Antenna Structure Having Isolation Metal Disposed Between Transmitting and Receiving Antennas and Electronic Apparatus Using the Same

The present invention relates to an antenna structure and electronic apparatus using the same. More particularly, the present invention relates to an antenna structure having isolation metal disposed between transmitting antenna and receiving antenna and an electronic apparatus using the same.

It is very common for those with ordinary skill in the art to dispose a plurality of antennas on a same printed circuit board (PCB). By using this kind of antenna design, the size of electronic apparatus having antennas could be reduced. However, because the space of the PCB is very limited, issues such as heavy signal interference between the antennas, poor communication quality, shortened transmission distance and decreased transmission speed are met since there is no sufficient isolation formed between the antennas.

Accordingly, one object of the present invention is to provide an antenna structure having better isolation built between the antennas for reducing signal interference therebetween.

Another object of the present invention is to provide an electronic apparatus of small size while using the antenna structure.
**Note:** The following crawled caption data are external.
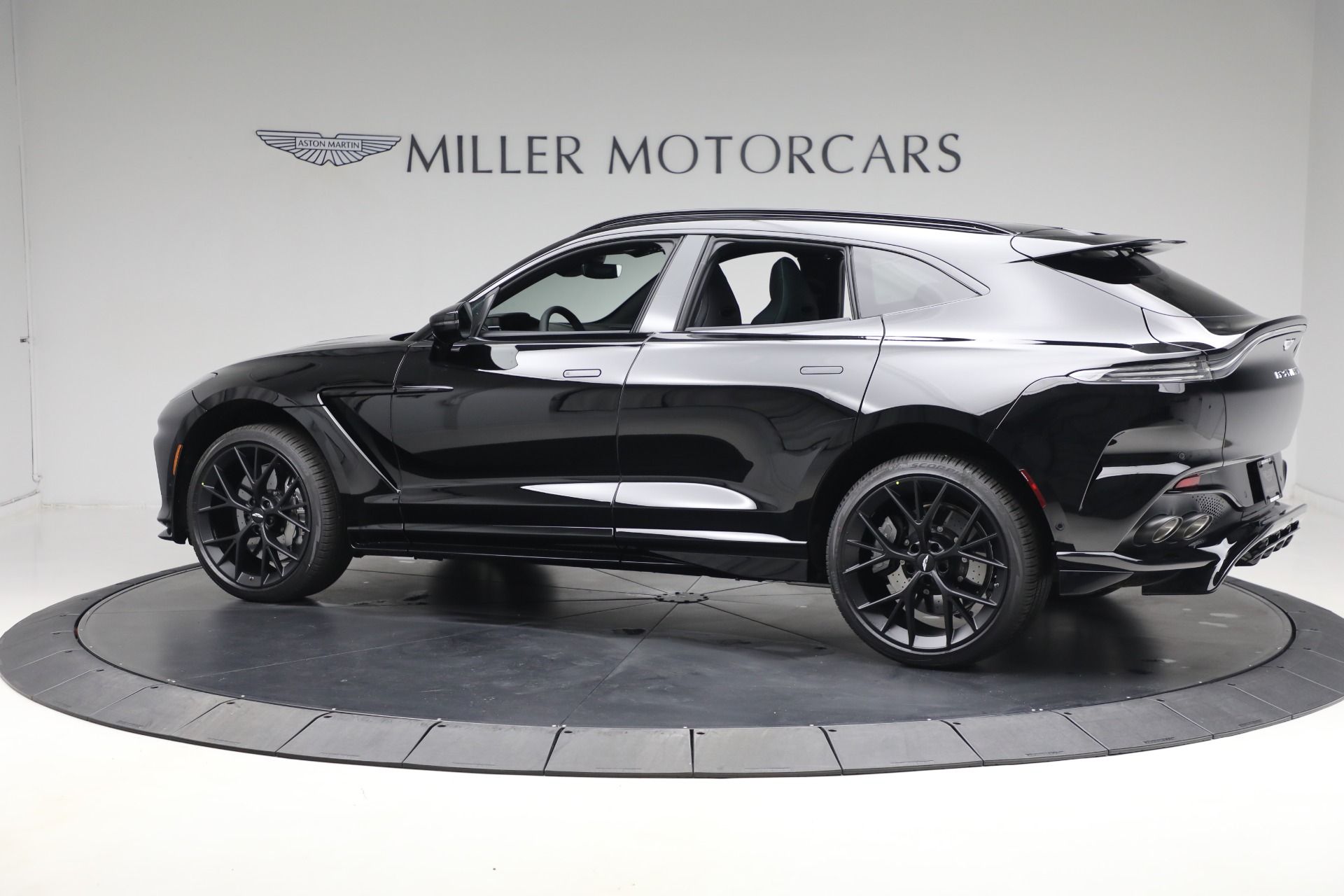 New-2025-Aston-Martin-DBX-707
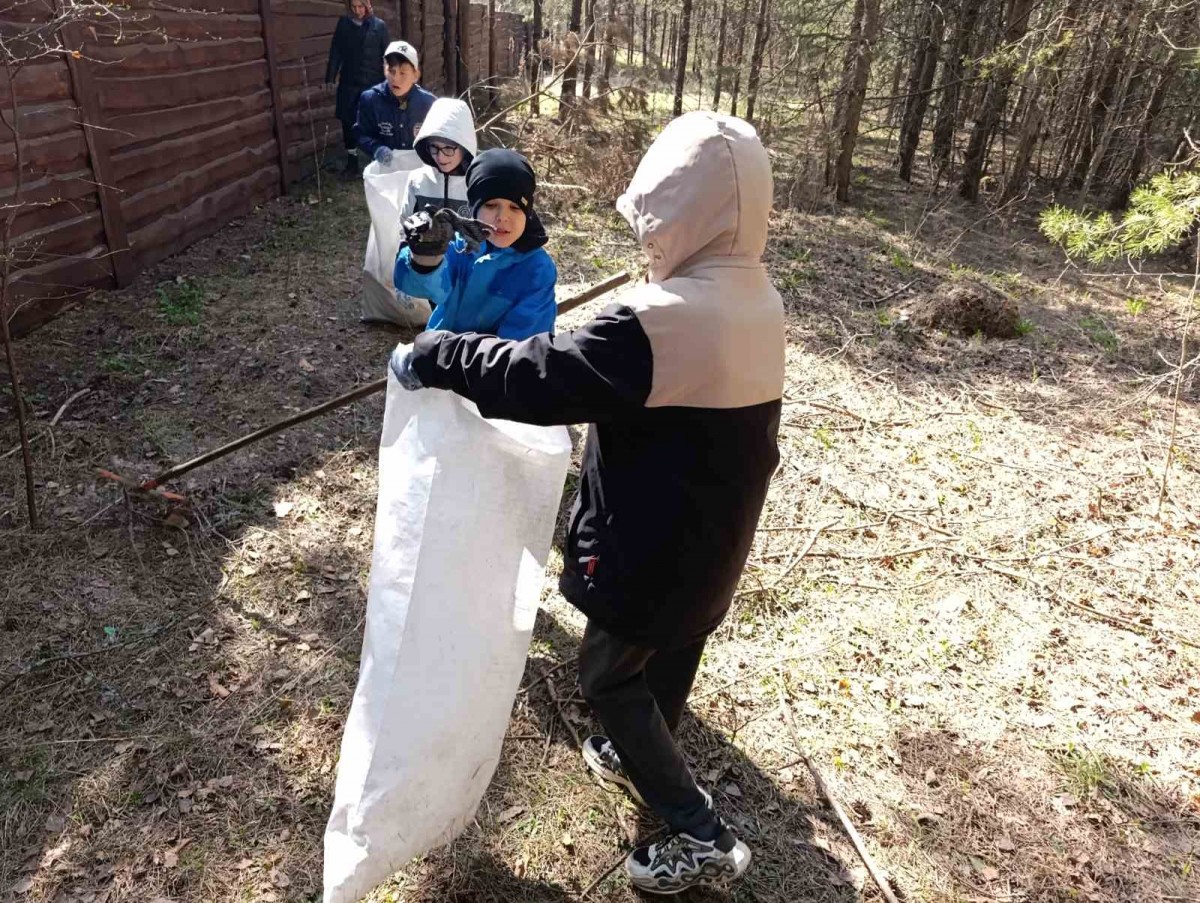 Субботник с пользой для района провели учащиеся Айкидо из Киселевич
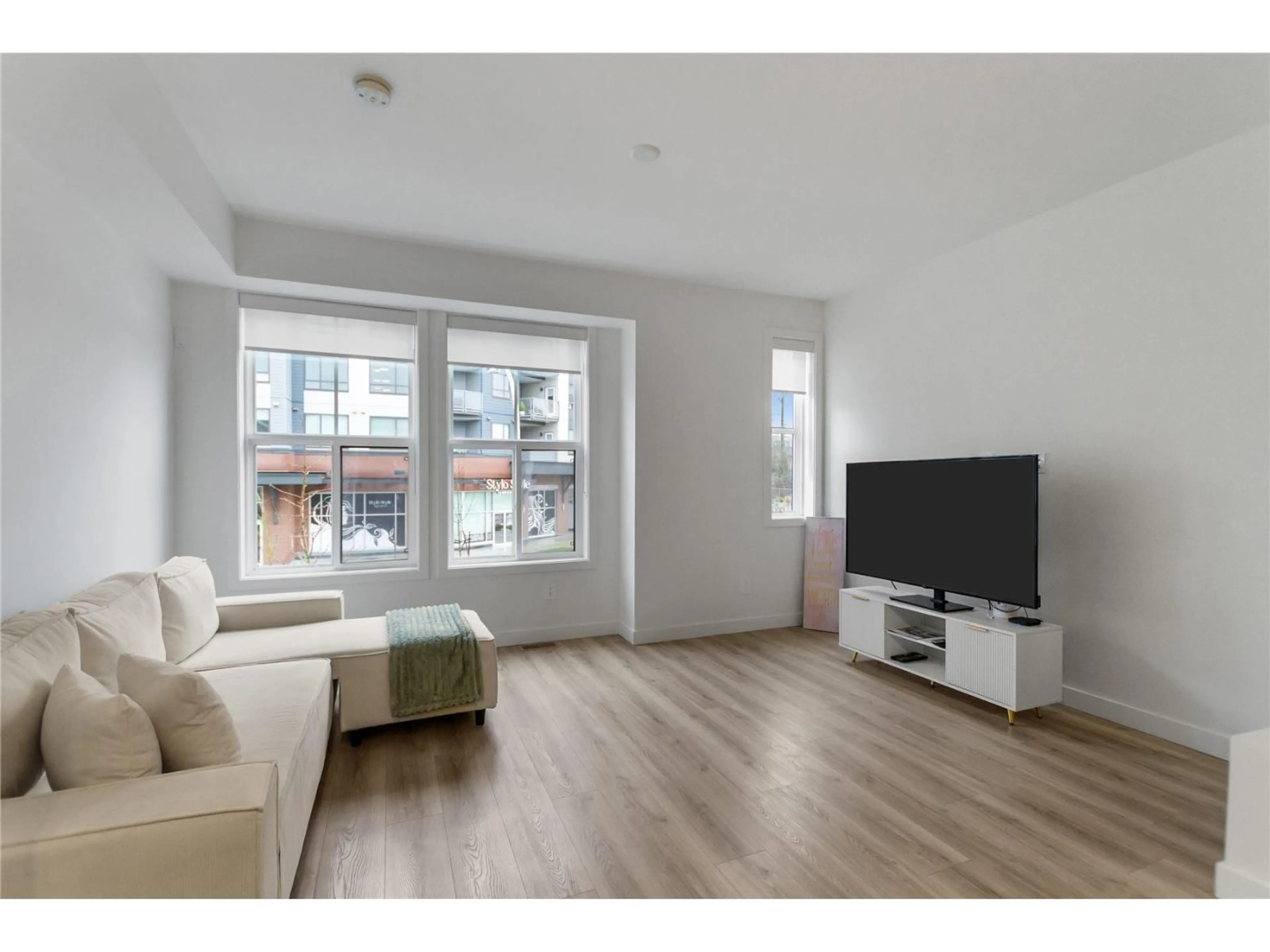 Living room with furniture, wood/laminate floor for 4 - 7937 206 STREET, Langley British Columbia V2Y1X6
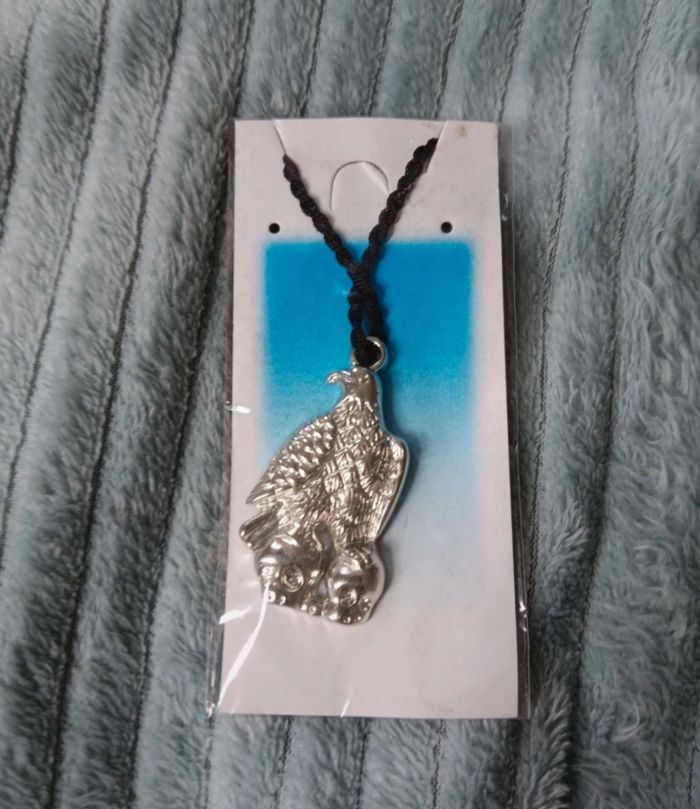 Collier pendentif aigle argenté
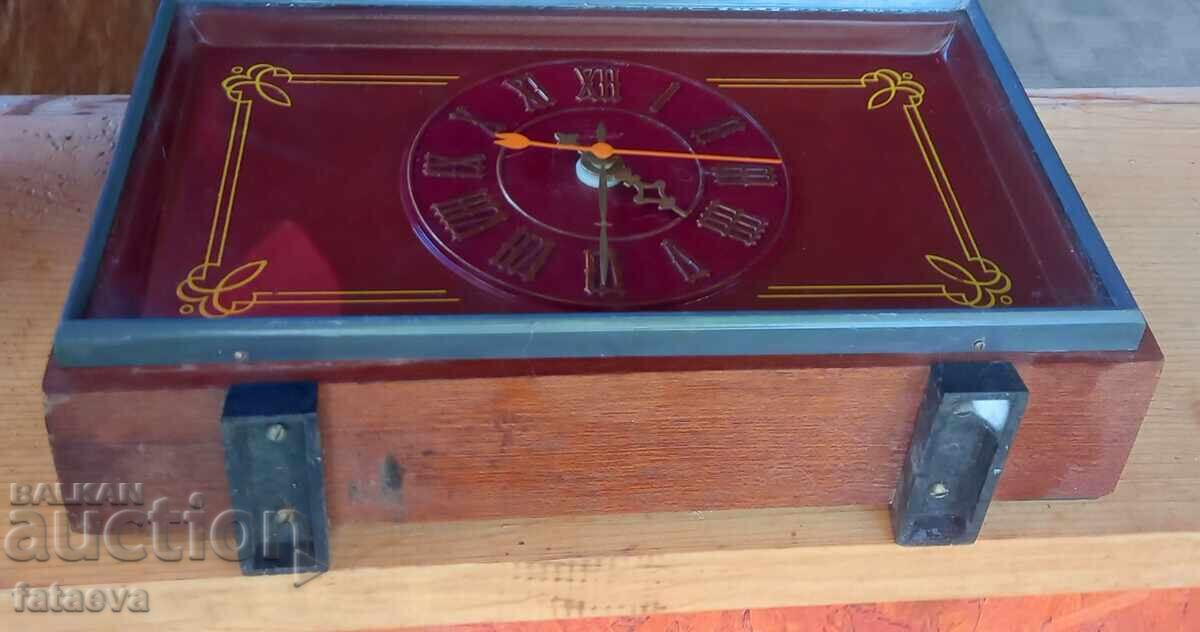 Licitație Ceas rusesc cu baterii Licitație Ceas rusesc cu baterii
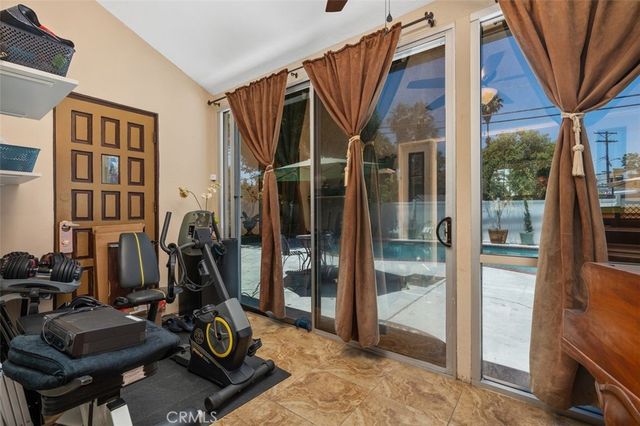 6613 Randi Avenue, Woodland Hills, CA 91303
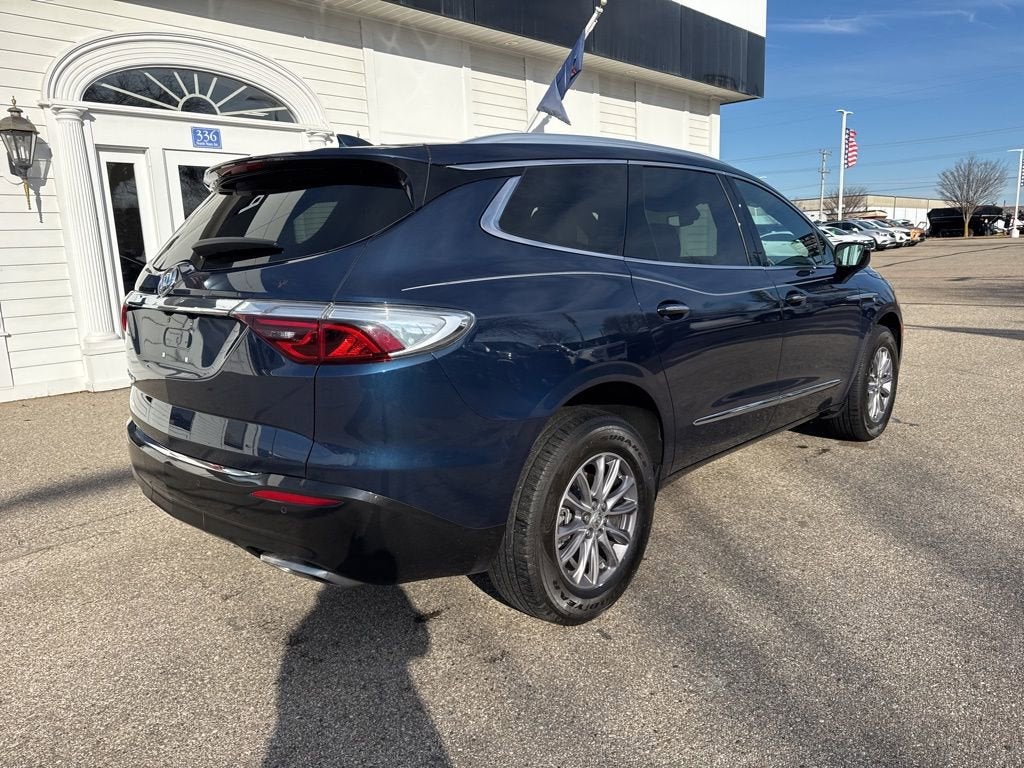 2023 Buick Enclave Essence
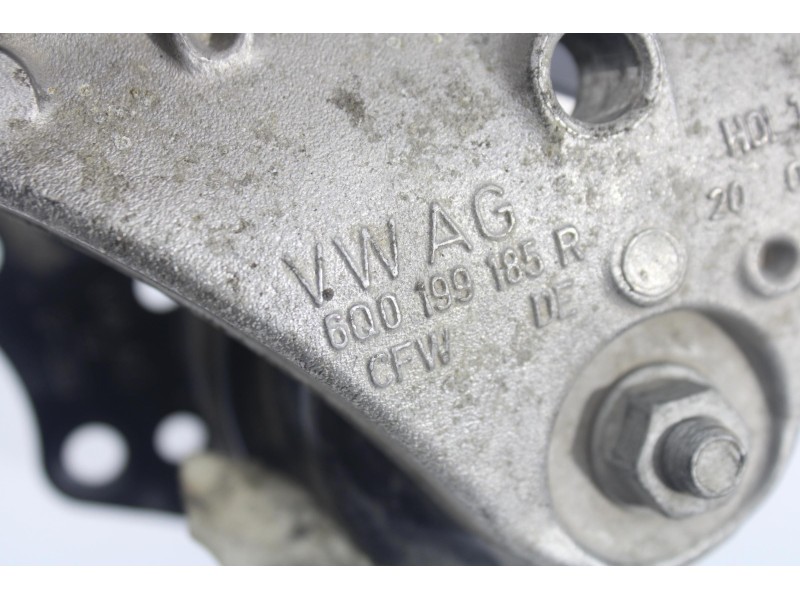 Recambio de soporte motor derecho para seat cordoba berlina (6l2) reference referencia OEM IAM 6Q0199167CR  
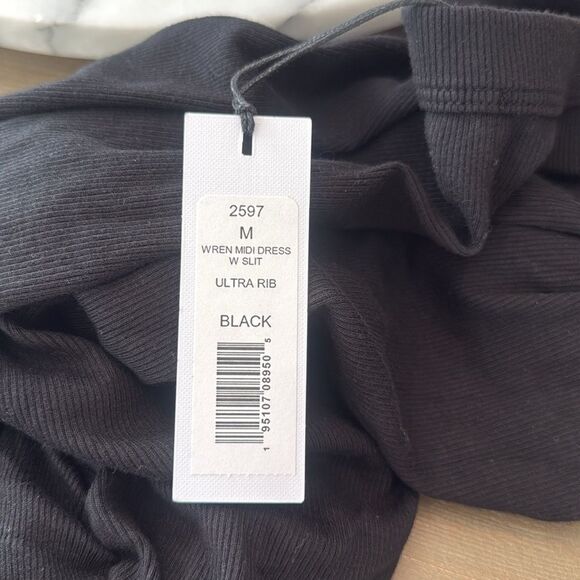 NWT Michael Stars Wren Ribbed Midi Dress
Medium-Y5
Large-Y10
XL-Y11 - Picture 5 of 5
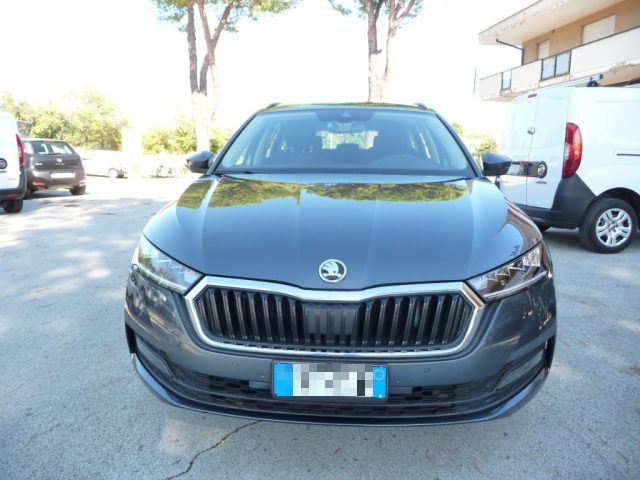 Skoda Octavia 1.5 G-TEC DSG Wagon Executive DSG - foto 3 di 4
In one aspect, the present invention provides an antenna structure disposed on a dielectric substrate having a first surface and a second surface opposite to the first surface, wherein the antenna structure comprises a grounding metal sub-structure disposed at the first surface; an electromagnetic wave transmitting sub-structure disposed at the second surface and extended along a first direction, wherein the electromagnetic wave transmitting sub-structure comprises a signal input part, and an input signal received from the signal input part is correspondingly emitted from the electromagnetic wave transmitting sub-structure to outward circumstances as an emitted electromagnetic wave; an electromagnetic wave receiving sub-structure disposed at the second surface and extended along the first direction, wherein the electromagnetic wave receiving sub-structure comprises a signal output part, and an incoming electromagnetic wave received by the electromagnetic wave receiving sub-structure is converted to an output signal and outputted from the signal output part; and an isolation metal sub-structure disposed at the second surface and between the electromagnetic wave transmitting sub-structure and the electromagnetic wave receiving sub-structure, wherein the isolation metal sub-structure is extended along the first direction and comprises a cross-type metal block and a plurality of straight-line-type metal blocks separated from each other, wherein, the cross-type metal block is disposed between the signal input part and the signal output part, each of the cross-type metal block and the straight-line-type metal blocks comprises a plurality of metal holes, and each of the metal holes is connected to the grounding metal sub-structure.

In one embodiment, the antenna structure further comprises an outer isolation metal which is configured in U-shape to partially-surround the electromagnetic wave transmitting sub-structure and the electromagnetic wave receiving sub-structure. In a further embodiment, the electromagnetic wave receiving sub-structure comprises a plurality of electromagnetic wave receiving antennas, and the antenna structure further comprises a plurality of branched isolation metals, wherein each of the branched isolation metals is disposed between adjacent two of the electromagnetic wave receiving antennas.

In one embodiment, the cross-type metal block is far away from each of the straight-line-type metal block such that capacitance formed therebetween is not considered for evaluating an effect of isolating the electromagnetic wave transmitting sub-structure from the electromagnetic wave receiving sub-structure by the isolation metal sub-structure, and any two of the straight-line-type metal blocks are far away from each other such that capacitance formed therebetween is not considered for evaluating the effect of isolating the electromagnetic wave transmitting sub-structure from the electromagnetic wave receiving sub-structure by the isolation metal sub-structure.

In another aspect, the present invention provides an electronic apparatus which is characterized by using any one of the antenna structures described in the technique solutions provided herein.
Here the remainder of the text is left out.